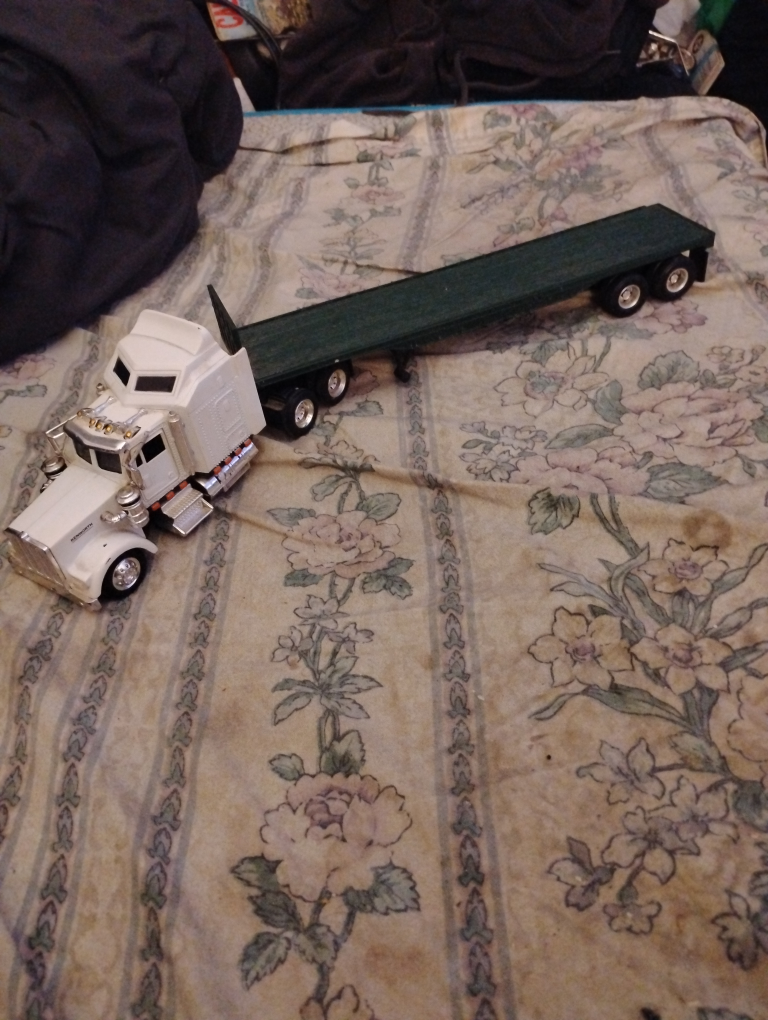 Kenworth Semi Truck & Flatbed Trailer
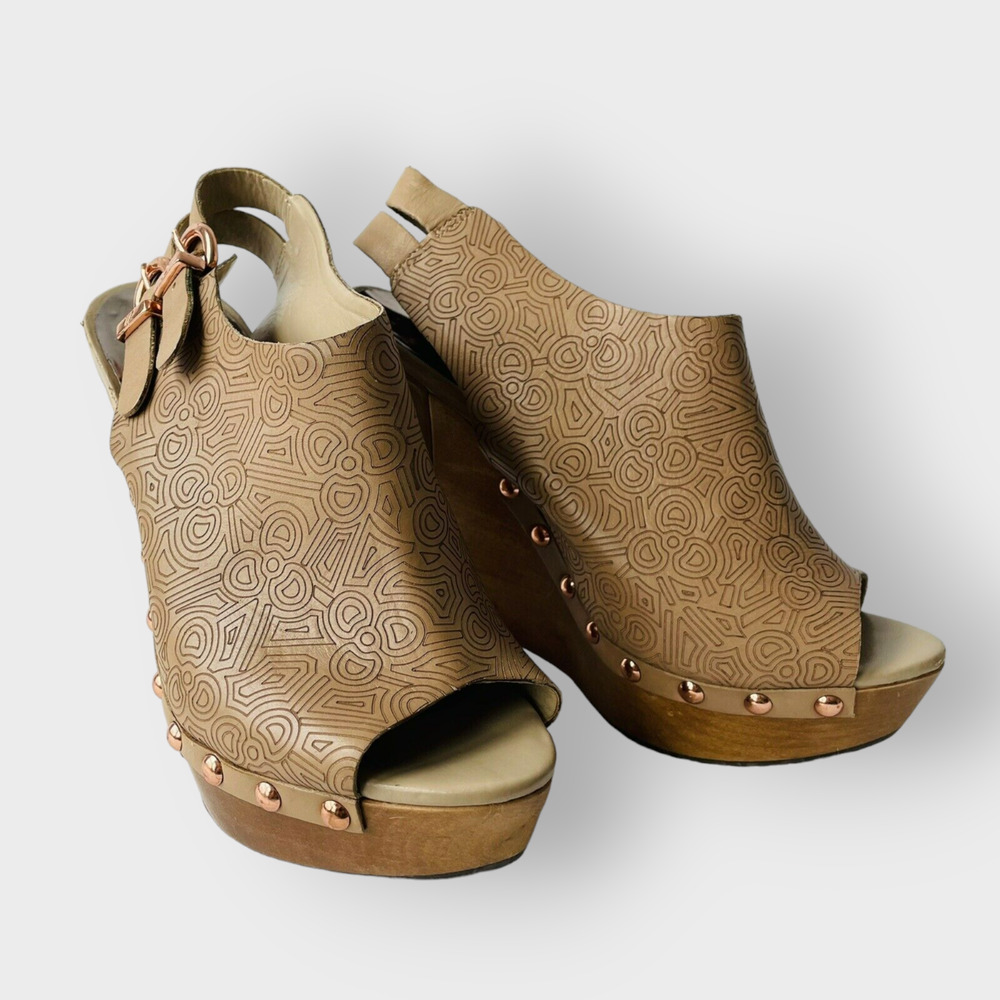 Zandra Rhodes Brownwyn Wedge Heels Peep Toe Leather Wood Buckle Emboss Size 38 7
* * *
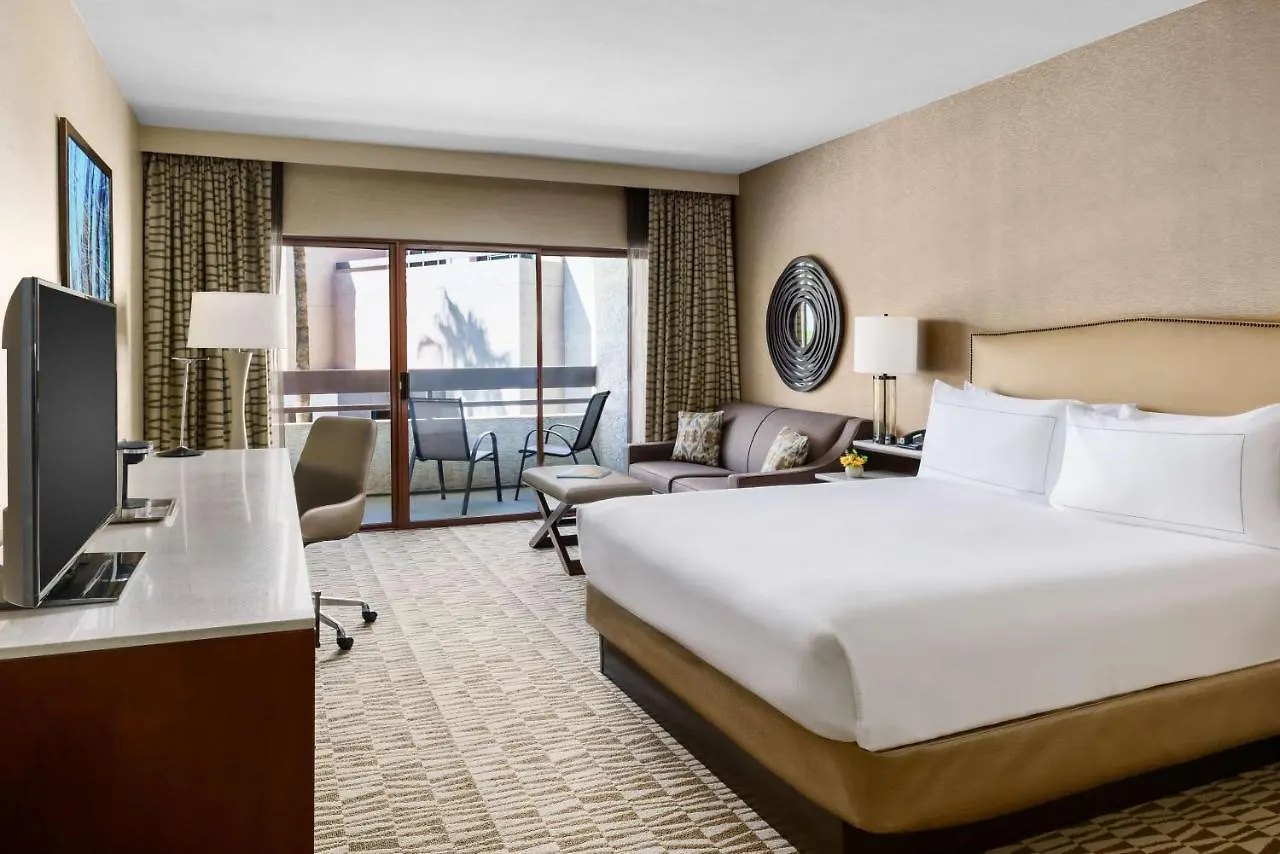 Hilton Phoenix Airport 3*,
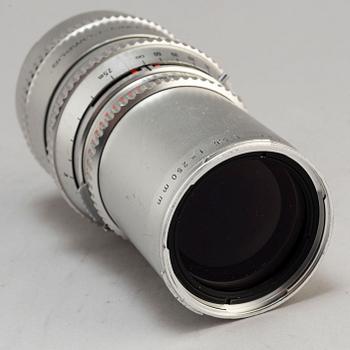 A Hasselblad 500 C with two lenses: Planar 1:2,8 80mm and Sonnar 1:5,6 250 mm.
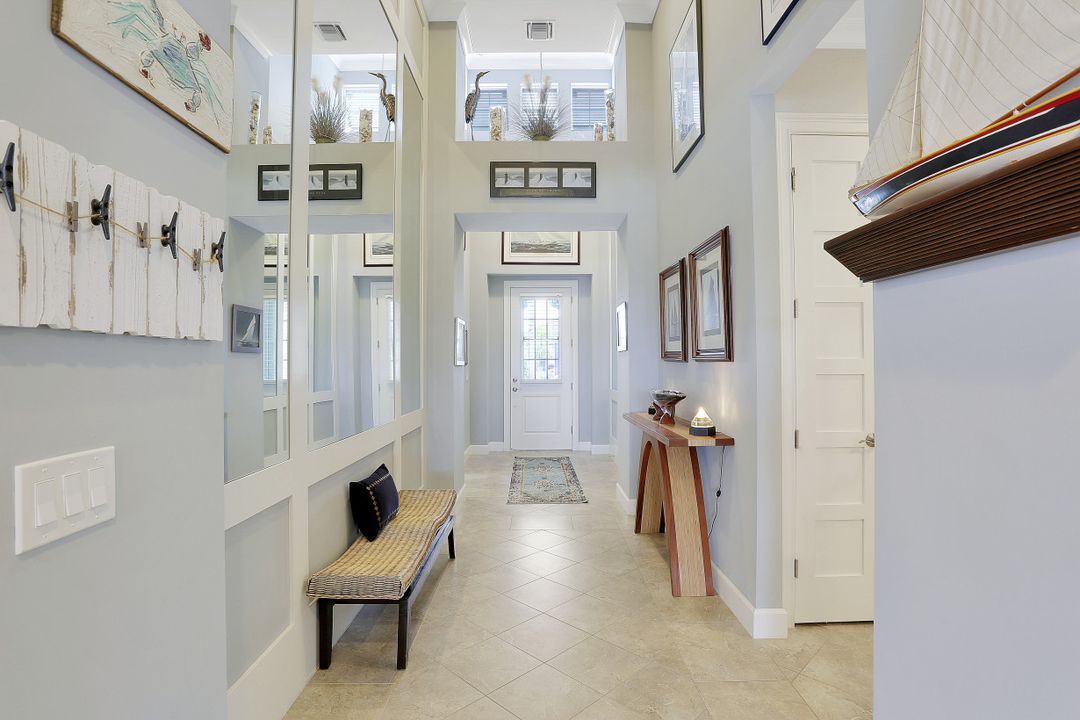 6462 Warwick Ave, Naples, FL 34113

> _Work item_: What you return from the records above should be exactly everything from the line with "Kenworth Semi Truck & Flatbed Trailer" down to the line with "Zandra Rhodes Brownwyn", both kept, and no pictures.

> _Result for this exercise_:
 Kenworth Semi Truck & Flatbed Trailer
 Zandra Rhodes Brownwyn Wedge Heels Peep Toe Leather Wood Buckle Emboss Size 38 7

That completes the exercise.